Wednesday, November 25, 2009

Haven't worked on my own stuff at all. I've put some of the w-f-h thing together, and it looks like some more projects might be coming my way at some point, from another w-f-h editor I've worked with before, and therefore know to be reliable and professional. Hooray.

I've also got a bazillion pages of health insurance stuff to fill out because the company I've been with is pulling out of my state, so I have to find a new one. I mention this because it reminded me of something, no idea why. The "something" is that I got pretty annoyed with some commentary I heard about how writers should never make any changes requested by book fairs, because that's censoring, and writers who censor themselves for filthy lucre are basically sell-outs and money-grubbing wh*res. Obviously the people who say this have no idea that self-censoring is something we start considering the second we start revising, and continue all the way till the galleys leave our hands. And sometimes later. Book fair decisions are just more of the same. Usually the changes for book fairs aren't huge moral issues (that's a different ball of wax), but cutting a "d*mn" or "h*ll"--the same words we've been cutting out and putting back in and cutting out again all along during revisions, trying to weigh out whether the words distract the reader more than giving a sense of the character.*

The money an author makes from book fair sales is some ludicrously small amount, I can't remember what. A few cents per copy, maybe? Nobody's changing their text to get rich. They're doing it because they've looked at the changes asked for and decided that it won't mess up anything, and that it will put the book in the hands of thousands more readers. If they decide that it will mess up something about the book, they don't make the changes and usually you never hear about it. Most of the time authors don't get any kudos for standing by their beliefs. What usually happens is they get quietly downgraded in one way or another--the marketing department gets p.o.'d at them, for example, or they miss the word-of-mouth that would have come with those thousands of poorly paid book fair sales.

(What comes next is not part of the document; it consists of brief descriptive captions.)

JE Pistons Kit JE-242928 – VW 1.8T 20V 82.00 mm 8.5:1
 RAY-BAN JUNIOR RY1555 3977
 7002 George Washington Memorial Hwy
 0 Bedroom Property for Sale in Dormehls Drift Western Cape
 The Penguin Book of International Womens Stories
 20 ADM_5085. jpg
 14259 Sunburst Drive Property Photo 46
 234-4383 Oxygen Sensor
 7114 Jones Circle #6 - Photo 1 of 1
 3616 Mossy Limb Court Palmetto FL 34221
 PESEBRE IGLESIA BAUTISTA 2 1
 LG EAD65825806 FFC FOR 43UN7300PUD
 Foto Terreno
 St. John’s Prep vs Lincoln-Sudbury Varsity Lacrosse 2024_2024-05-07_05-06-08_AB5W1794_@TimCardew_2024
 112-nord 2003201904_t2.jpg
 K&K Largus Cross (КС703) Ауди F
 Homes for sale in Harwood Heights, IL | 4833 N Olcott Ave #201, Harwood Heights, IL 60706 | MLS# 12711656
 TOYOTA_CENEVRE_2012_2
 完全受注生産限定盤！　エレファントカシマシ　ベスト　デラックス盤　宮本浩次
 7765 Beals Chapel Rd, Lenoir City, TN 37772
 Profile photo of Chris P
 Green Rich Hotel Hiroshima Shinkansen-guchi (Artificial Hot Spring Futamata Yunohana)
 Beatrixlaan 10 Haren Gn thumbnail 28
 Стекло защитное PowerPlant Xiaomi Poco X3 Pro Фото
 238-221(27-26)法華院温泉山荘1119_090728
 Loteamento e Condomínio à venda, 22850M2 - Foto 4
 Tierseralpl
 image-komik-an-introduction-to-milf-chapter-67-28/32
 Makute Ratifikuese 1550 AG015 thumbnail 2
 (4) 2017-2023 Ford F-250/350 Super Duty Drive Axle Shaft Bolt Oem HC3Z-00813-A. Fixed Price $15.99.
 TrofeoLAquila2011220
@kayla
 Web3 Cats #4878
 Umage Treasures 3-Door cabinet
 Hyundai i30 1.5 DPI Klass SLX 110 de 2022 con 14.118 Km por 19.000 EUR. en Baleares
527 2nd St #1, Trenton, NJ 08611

So anyway, not to get off on a tangent, but my mind went this direction because once again I hear an underlying assumption about authors raking it in. But authors don't get company benefits, and they have to take health insurance plus taxes plus social security plus agent off the top of whatever they get for a book. If you suppose a moderately successful midlist author gets 25K for one book, then take away all that out-of-pocket stuff, you've got somebody who can't afford food and shelter.

And I say all this not to excuse myself for making editorial changes to suit my finances--because I don't, not in my own writing--but to tell everybody who's not trying to make a living at it to climb down from their moral high horse and stop being so freakin' judgmental. For cripe's sake, I've seen people lining up to praise an author for basically not taking a moral stand--clearly without knowing that's what they're doing. All I can figure is that people don't really understand the full range of choices involved, the implications, or the consequences.

So, anyway. I'm working on other stuff besides my WIP, but in the back of my head I'm waiting for some epiphany that will help me bring it all together. Because at the moment it looks like a mess of disparate pieces that aren't going to be interesting to anyone except me.



*Full disclosure: I speak as the author of a YA book with a more-than-liberal sprinkling of the F-word throughout. I am not a priss when it comes to profanity. I also know that different readers can tolerate different levels of it (and therefore its resonance changes depending on the reader), and that "being true to the character" is already a lie when it comes to dialog. You can't transcribe what somebody would actually say in real life, word for word; it would be nearly unintelligible. So profanity is one of those things (same with sexual references) where there's not one easy answer to whether it goes or stays.